Hydrogen (H 2 ) emerges as a highly promising contender for replacing conventional fossil fuels due to its high combustion heat value and net-zero greenhouse gas emission. Photocatalytic H 2 generation through semiconductor-based water splitting represents a clean and sustainable technology in the field. Developing highly efficient and abundant source semiconductor materials, along with co-catalysts, is paramount in achieving the industrial-level H 2 evolution by photocatalysis technology. In recent years, transition-metal phosphides (TMPs) have emerged as powerful co-catalysts for photocatalytic reactions due to their cost-effectiveness, abundant reserves in the earth's crust, and favorable physicochemical properties, thus offering a viable alternative to conventional precious metal materials. In this review, we first provide a concise historical overview and outline the structure of TMPs. The synthetic strategies of TMPs are subsequently systematically analyzed based on diverse phosphorus sources. Additionally, this review provides a comprehensive summary of the recent research endeavors conducted on TMPs as potential photocatalytic co-catalysts for efficient hydrogen generation through photocatalysis.

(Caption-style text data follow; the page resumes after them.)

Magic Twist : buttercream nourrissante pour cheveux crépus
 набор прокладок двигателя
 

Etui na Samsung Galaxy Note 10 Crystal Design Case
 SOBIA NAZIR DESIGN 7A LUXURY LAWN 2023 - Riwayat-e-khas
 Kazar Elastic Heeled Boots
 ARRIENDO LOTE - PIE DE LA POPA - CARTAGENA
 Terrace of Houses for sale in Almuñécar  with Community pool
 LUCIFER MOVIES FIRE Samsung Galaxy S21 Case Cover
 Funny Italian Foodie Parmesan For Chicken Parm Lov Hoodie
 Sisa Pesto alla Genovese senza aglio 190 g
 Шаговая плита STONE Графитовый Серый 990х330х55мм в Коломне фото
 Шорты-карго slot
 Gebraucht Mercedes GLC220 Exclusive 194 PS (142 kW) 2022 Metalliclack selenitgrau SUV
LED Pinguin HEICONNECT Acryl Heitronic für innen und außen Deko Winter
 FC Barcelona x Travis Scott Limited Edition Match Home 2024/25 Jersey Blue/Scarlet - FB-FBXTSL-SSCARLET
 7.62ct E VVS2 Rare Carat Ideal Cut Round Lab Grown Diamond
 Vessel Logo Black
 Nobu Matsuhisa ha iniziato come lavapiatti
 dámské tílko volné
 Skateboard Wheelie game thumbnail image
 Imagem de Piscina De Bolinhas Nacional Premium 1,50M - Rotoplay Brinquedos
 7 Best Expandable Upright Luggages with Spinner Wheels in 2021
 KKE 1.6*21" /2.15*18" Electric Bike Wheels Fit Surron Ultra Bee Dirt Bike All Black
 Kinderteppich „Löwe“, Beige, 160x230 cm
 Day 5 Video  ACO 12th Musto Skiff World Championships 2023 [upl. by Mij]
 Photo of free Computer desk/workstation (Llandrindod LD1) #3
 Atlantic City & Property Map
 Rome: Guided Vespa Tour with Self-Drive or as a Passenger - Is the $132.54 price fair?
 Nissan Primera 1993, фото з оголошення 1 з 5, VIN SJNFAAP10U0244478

Eventually, this review briefly addresses the prevailing key concerns, proposed countermeasures, and forthcoming challenges associated with enhancing the efficiency of photocatalytic H 2 evolution in TMPs. • Applications of TMP materials in photocatalytic H 2 production fields were reviewed. • Synthetic approach of TMP materials were summarized based on distinct phosphorus sources. • The related mechanisms during reaction process of TMP materials were discussed. • Challenges and prospect of TMP materials toward photocatalytic H 2 evolution were presented.